Lexicon Aardrijkskunde

Onbekende auteur (1983)

Gepubliceerd op 24-05-2021

Nederland

betekenis & definitie

officiële naam Koninkrijk der Nederlanden

oppervlakte 41160 km2

inwoners 14 286 000

hoofdstad Amsterdam

staatsvorm monarchie

staatshoofd Beatrix van Oranje-Nassau

reg. leider Rudolphus (Ruud)F.M. Lubbers

officiële taal Nederlands

religies rooms-katholieken, protestanten, onkerkelijken

munteenheid Nederlandse gulden

BNP/hoofd US$ 11 470

lid van VN, UNESCO, UNCTAD, WHO, FAO,

ILO, ECE, ESCAP, ECLA, NAVO, Raad van Europa, EG, GATT, OESO, IMF, Wereldbank, Benelux

Landschap en klimaat

Nederland ligt in West-Europa en grenst van noord naar zuid resp. aan de Noordzee, Bondsrepubliek Duitsland, België. Er heerst een zeeklimaat met gelijkmatig over het jaar verdeelde neerslag, terwijl de temperaturen schommelen tussen 0°C (januari) en 22°C (juli). Tot het grondgebied van Nederland behoort een aantal eilanden voor de kust in de Waddenzee: de Waddeneilanden. Het noordelijkste punt ligt op 53°52'5" NB (Rottum) en het zuidelijkste op 50°45'5" NB (Eijsden); in oost-west richting strekt het land zich uit tussen 3°21'31"OL (Zeeuwsch-Vlaanderen, gemeente Sluis) en 7°13'14'' OL (bij de Groningse gemeente Nieuweschans).

Hoewel Nederland in het buitenland vaak bekend is als het lage land aan de zee, dat vnl. bestaat uit met duinen en dijken omgeven vlakke polders, loopt bij ontbreken van de duinen en dijken 'slechts' een vijfde deel van het land onder water. Dit betreft dan de provincie Noord-Holland,de Prins Alexanderpolder bij Rotterdam, grote delen van de Zeeuwse eilanden, de IJsselmeerpolders, kop van Overijssel en delen van Friesland en Groningen. Naar het oosten en zuidoosten wordt het landschap heuvelachtig; hoogste punt is de Vaalserberg met 321 m.

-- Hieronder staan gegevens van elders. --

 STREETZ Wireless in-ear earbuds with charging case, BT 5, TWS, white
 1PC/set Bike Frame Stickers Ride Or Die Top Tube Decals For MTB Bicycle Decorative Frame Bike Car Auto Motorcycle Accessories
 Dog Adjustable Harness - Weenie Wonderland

Was 'Nederland' zo'n 5000 jaar geleden op de kustgebieden en de hoogvenen na vrijwel geheel bedekt met oerbos, tegenwoordig is nog maar ca. 8% van 's lands oppervlak met bos bedekt, waarmee Nederland na Ierland het bosarmste land van Europa is. De grootste aaneengesloten stukken bos liggen in het midden van het land, elders is het bos veel meer verspreid. IJsselmeer, Waddenzee, Dollard en de territoriale wateren in de Noordzee nemen 10% van de oppervlakte in, rivieren, kanalen en vaarten beslaan ca. 8%. Belangrijkste waterwegen zijn Rijn, Maas, Schelde, IJssel, Noordzeekanaal, Amsterdam-Rijnkanaal.

Sociale gegevens

De Nederlandse bevolking is vrij heterogeen: veruit het grootste deel is geboren en getogen in Nederland, verder zijn er Zuidmolukkers, Surinamers, Antillianen en buitenlanders die als gastarbeiders in de jaren zestig en zeventig vanuit de landen rond de Middellandse Zee naar Nederland zijn geëmigreerd.

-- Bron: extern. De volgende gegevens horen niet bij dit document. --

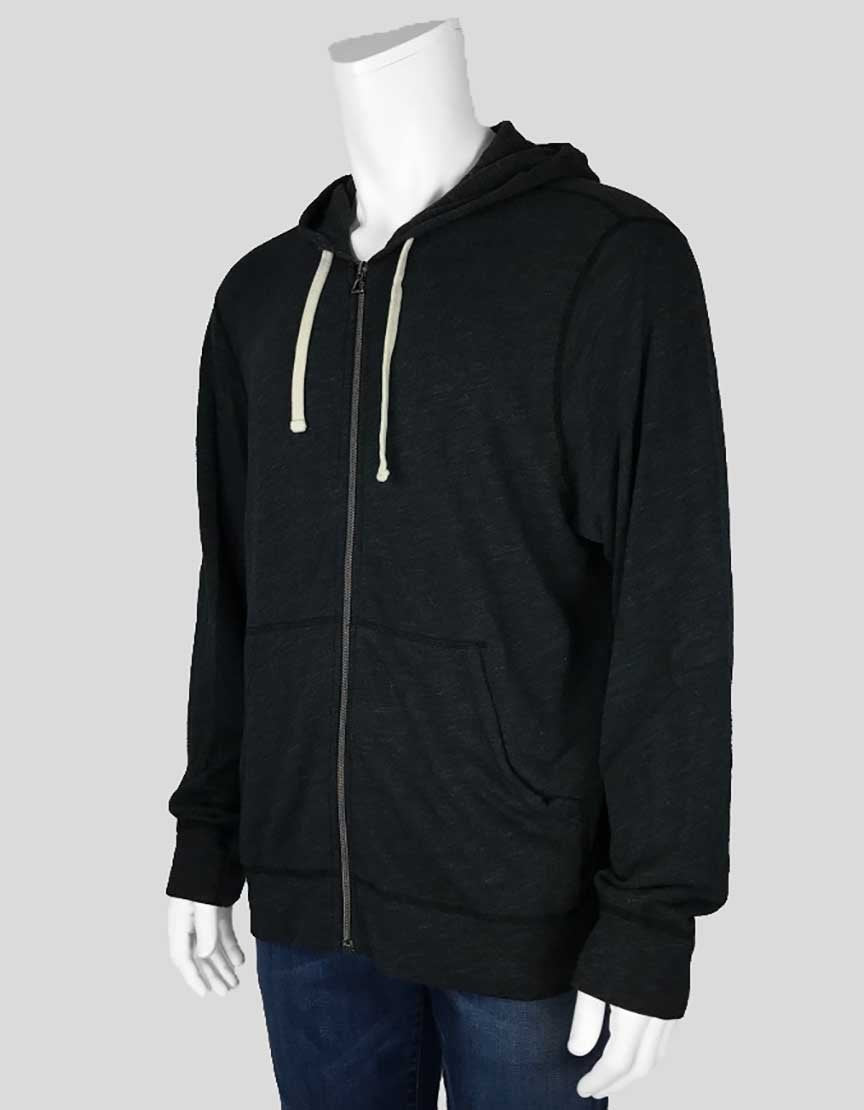 James Perse Grey Sweatshirt Hoodie Jacket With Zipper Front Size 4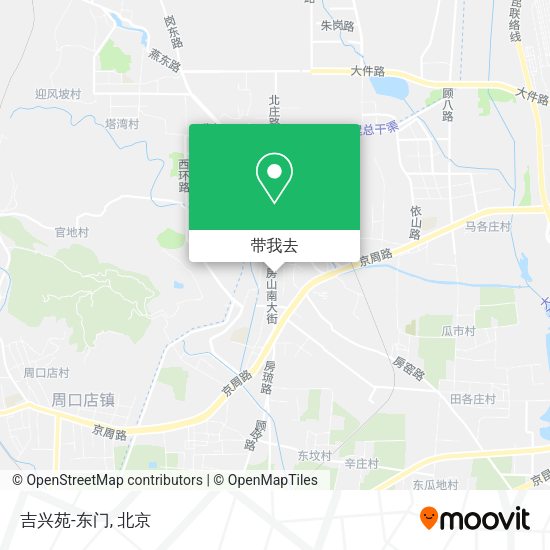 吉兴苑-东门地图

Grootste bevolkingsdichtheden komen voor in de drie westelijke provincies, waar bijna de helft van de bevolking woont. Met ca. 340 inw./km2 behoort Nederland tot de dichtstbevolkte staten ter wereld, hoewel nog geen sprake is van economische overbevolking. Overzeese emigratie naar o.a. Canada en Australië vindt nog steeds plaats, zij het minder intensief dan in de jaren vijftig. Nederland heeft een uitstekend pakket sociale voorzieningen: het beginsel van sociale begeleiding en eventuele financiële ondersteuning van het individu van de wieg tot het graf is ver doorgevoerd. De volksgezondheid is van hoog niveau: vrijwel iedere gemeente heeft een gezondheidscentrum, kliniek of andere vorm van medische verzorging, waardoor bijv. de zuigelingensterfte tot de laagste ter wereld behoort. Analfabetisme komt vrijwel niet meer voor; er bestaat een algemene leerplicht voor kinderen van 6 tot 15 jaar. Het primair onderwijs omvat het tweejarig kleuteronderwijs (niet verplicht) en zesjarig basisonderwijs. Het secundair onderwijs begint met een zg. brugjaar en omvat algemeen voortgezet onderwijs, beroepsonderwijs en voorbereidend wetenschappelijk onderwijs. Het tertiair onderwijs bestaat uit wetenschappelijk en hoger beroepsonderwijs. De zg. middenschool (als vervanging van het secundair onderwijs) verkeert nog in een experimenteel stadium.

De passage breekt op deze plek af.